New Orleans It’s a fact of modern American life that most of family wealth lies right under the roof where we live. If you are able to buy a house, then you’ve managed to move up a rung on the ladder towards more security. Many economists and politicians would have us believe that home ownership also is a step in the direction of more societal equity, but that would seem to be wrong now.

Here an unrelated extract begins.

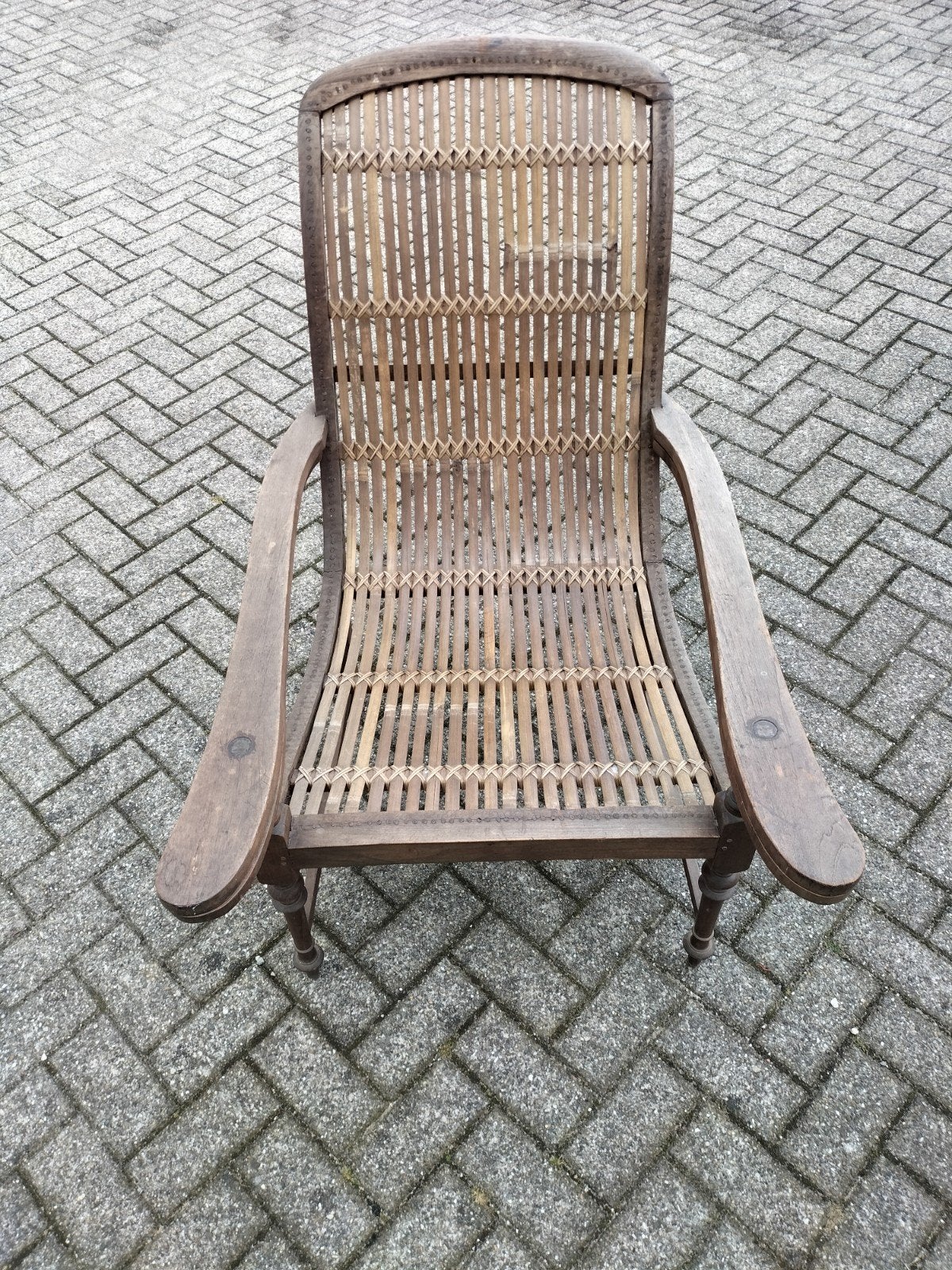 koloniale Hollandse plantagestoel, Ophalen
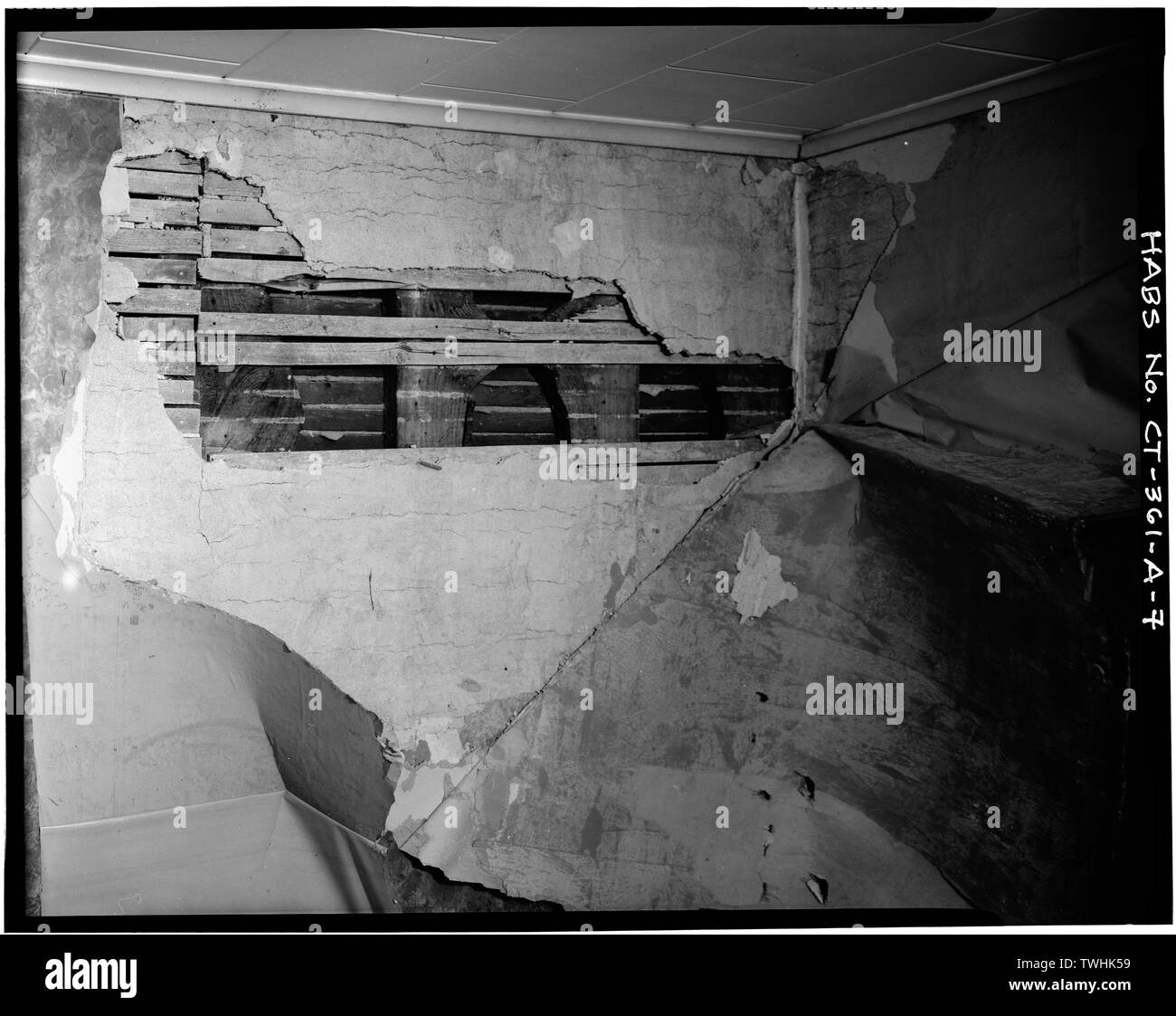 Zweite Etage, Zimmer nach hinten, DETAIL DER PARTITION BAU - Putnam Manufacturing Company Arbeitnehmer Häuser, 305 Church Street (Haus), Putnam, Windham County, CT Stockfoto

Unfortunately, as the Wall Street Journal has reported, over the last ten years from 2010 to 2020, “71% of increase in housing wealth was gained by high-income households…In 2010, high-income homeowners [those earning more than 200% of their area’s median income] held 28% of all US housing wealth. By 2020, that figure rose to 42.6%.” “The median homeowner had $254,900 in wealth in 2019, compared with $6,270 for the median renter. Middle-income and low-income households’ share of total housing wealth declined in the decade …because they made up a smaller proportion of overall homeowners than they did in 2010….” In short, the housing “haves” did great on the high end of the housing market, and the housing “have less” folks did worse and were largely left in the dirt in the last decade.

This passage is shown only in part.